Reisen bedeutet Bewegung. Nach ziemlich genau vier Wochen sagten wir Andre, seiner Familie und seiner Crew lebewohl. Irgendwie war es ein Abschied auf Raten, denn einige Tage vor uns verließen schon mit Christina und Ian zwei Volunteers die Brauerei, um, genau wie wir, nach Namibia weiterzureisen. Schweren Herzens, aber mit dem Gedanken Teile unseres eingeschworenen Teams bald  zu sehen, begaben wir uns wieder auf die Straße um neue Abenteuer zu erleben.
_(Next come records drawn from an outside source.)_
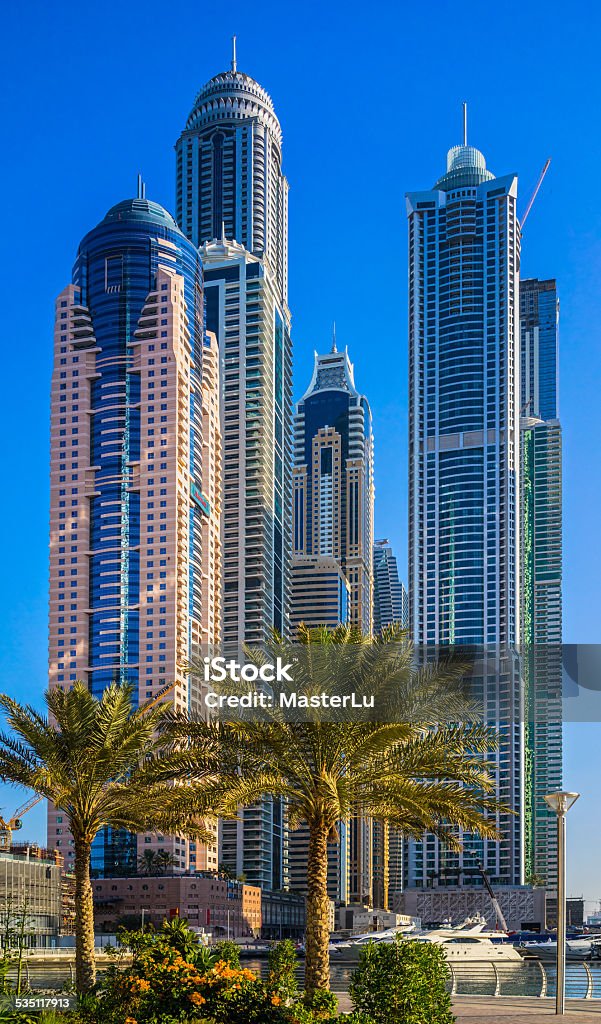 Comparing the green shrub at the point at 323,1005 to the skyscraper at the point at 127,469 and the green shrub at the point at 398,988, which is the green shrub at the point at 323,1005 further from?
the skyscraper at the point at 127,469

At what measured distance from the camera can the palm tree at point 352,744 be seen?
2480cm

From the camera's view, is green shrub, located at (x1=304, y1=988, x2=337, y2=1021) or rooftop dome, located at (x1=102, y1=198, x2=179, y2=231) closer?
green shrub, located at (x1=304, y1=988, x2=337, y2=1021)

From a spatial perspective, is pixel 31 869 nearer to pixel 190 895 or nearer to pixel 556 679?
pixel 190 895

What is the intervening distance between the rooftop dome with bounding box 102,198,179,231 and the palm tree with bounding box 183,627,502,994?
419 ft

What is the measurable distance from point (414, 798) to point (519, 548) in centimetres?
15165

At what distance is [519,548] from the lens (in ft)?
570

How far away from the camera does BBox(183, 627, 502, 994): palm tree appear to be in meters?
24.8

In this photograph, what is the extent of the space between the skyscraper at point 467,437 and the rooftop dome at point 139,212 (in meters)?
48.8

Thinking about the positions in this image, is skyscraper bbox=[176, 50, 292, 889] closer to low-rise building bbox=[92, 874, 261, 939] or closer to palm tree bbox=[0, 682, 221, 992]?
low-rise building bbox=[92, 874, 261, 939]

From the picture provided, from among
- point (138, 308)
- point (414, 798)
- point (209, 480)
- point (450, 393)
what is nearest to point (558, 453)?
point (450, 393)

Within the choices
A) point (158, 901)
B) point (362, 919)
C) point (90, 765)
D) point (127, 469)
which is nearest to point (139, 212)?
point (127, 469)

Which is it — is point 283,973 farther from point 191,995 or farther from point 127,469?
point 127,469

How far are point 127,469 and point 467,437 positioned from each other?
5689cm

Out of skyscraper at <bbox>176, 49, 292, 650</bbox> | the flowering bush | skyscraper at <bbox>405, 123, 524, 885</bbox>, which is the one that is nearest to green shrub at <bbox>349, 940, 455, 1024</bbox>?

Gerne wären wir gemeinsam mit Christina und Ian Richtung Windhoek in Namibia abgereist, doch sie hatten ihre Bustickets schon in England gebucht. Daher verabredeten wir lose, dass wir uns in Namibia treffen könnten, sollten es unsere Reisepläne zulassen.

Der Abschied von Andre und allen Menschen, die vier Wochen unsere Familie gewesen waren, fiel uns nicht leicht und wäre wohl noch schwerer geworden. Doch dafür blieb kaum Zeit. Das Restaurant war an diesem Tag so betriebsam, dass wir direkt vom Zapfhahn in Andres Auto sprangen und der 12jährige Noah die Gäste weiter bewirten musste.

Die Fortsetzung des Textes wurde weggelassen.